In seiner Abhandlung über den Ursprung und die Grundlagen der Ungleichheit unter den Menschen (1755) entwickelt Rousseau das Gedankenexperiment des Naturzustandes.
Seine Kernaussage lautet:
- Ein ursprünglich allein lebender Mensch hat keinen Anlass zu lügen.
- Er hat keinen Anlass zu stehlen, weil es kein Eigentum anderer gibt.
- Er hat keinen Anlass zu betrügen oder Macht über andere auszuüben.
Rousseau vertritt die Auffassung, dass viele Laster erst mit dem gesellschaftlichen Zusammenleben entstehen – insbesondere durch Eigentum, Konkurrenz, Eitelkeit und das Streben nach Anerkennung.
Diese Überlegung ist zunächst schlüssig. Lebt ein Mensch tatsächlich völlig allein auf einer Insel, sind zahlreiche moralische Kategorien schlicht nicht anwendbar. Er kann niemanden belügen, bestehlen, betrügen oder ermorden – nicht deshalb, weil er besonders tugendhaft wäre, sondern weil es keine Mitmenschen gibt, gegenüber denen solche Handlungen überhaupt möglich wären. Moralische Kategorien setzen soziale Beziehungen voraus.

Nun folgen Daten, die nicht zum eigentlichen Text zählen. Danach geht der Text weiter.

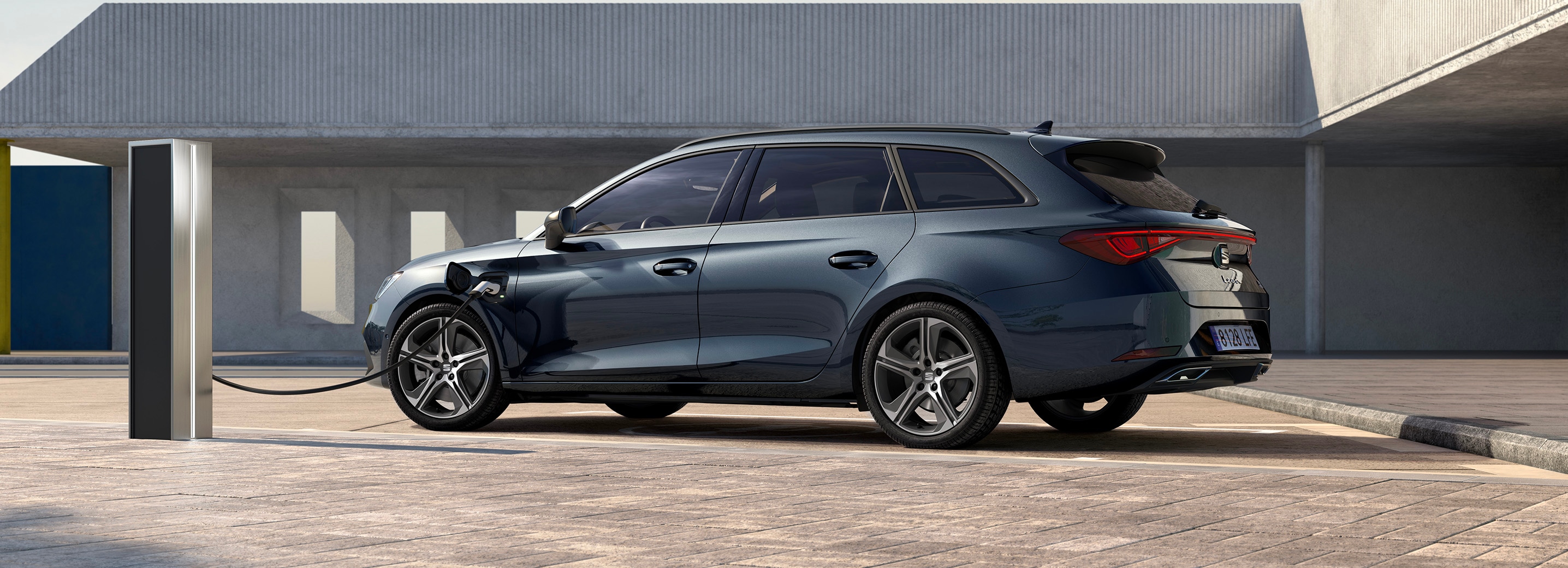 Grijze SEAT Leon Sportstourer in hybride uitvoering, aan de laadpaal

Aus dieser Beobachtung folgt jedoch nicht zwangsläufig, dass gesellschaftliche Verhältnisse die eigentliche Ursache moralischer Verfehlungen sind. Dass bestimmte Handlungen nur innerhalb einer Gemeinschaft möglich sind, bedeutet noch nicht, dass die Gemeinschaft auch deren eigentliche Ursache ist. Zwischen der Möglichkeit einer Handlung und der Verantwortung für diese Handlung besteht ein wesentlicher Unterschied.
Hier liegt nach Auffassung des Verfassers die entscheidende Schwäche des rousseauschen Menschenbildes. Wird gesellschaftlichen Umständen ein zu großes Gewicht beigemessen, besteht die Gefahr, dass individuelle Verantwortung zunehmend in den Hintergrund tritt. Fehlverhalten erscheint dann weniger als Folge persönlicher Entscheidungen, sondern vor allem als Ergebnis sozialer Bedingungen.
Diese Denkweise kann – in ihrer konsequenten Fortführung – zu einer Verschiebung der Täter-Opfer-Perspektive führen. Je stärker individuelles Fehlverhalten auf gesellschaftliche Ursachen zurückgeführt wird, desto größer wird die Tendenz, persönliche Verantwortung zu relativieren und stattdessen gesellschaftlichen Gruppen oder Strukturen die Hauptverantwortung zuzuschreiben. In einzelnen gegenwärtigen identitätspolitischen oder „woken“ Strömungen erkennt der Verfasser eine solche Entwicklung wieder, indem individuelle Schuld zunehmend hinter strukturelle Erklärungsmodelle zurücktritt und moralische Bewertung stärker an Gruppenzugehörigkeiten als an persönlichem Handeln ausgerichtet wird.
Dies bedeutet jedoch ausdrücklich nicht, dass gesellschaftliche Einflüsse ohne Bedeutung wären. Selbstverständlich prägen Familie, Kultur, Bildung, wirtschaftliche Verhältnisse und das soziale Umfeld den Menschen in erheblichem Maße. Die Anerkennung dieser Einflüsse entbindet den Einzelnen jedoch nicht von seiner persönlichen Verantwortung für sein eigenes Handeln.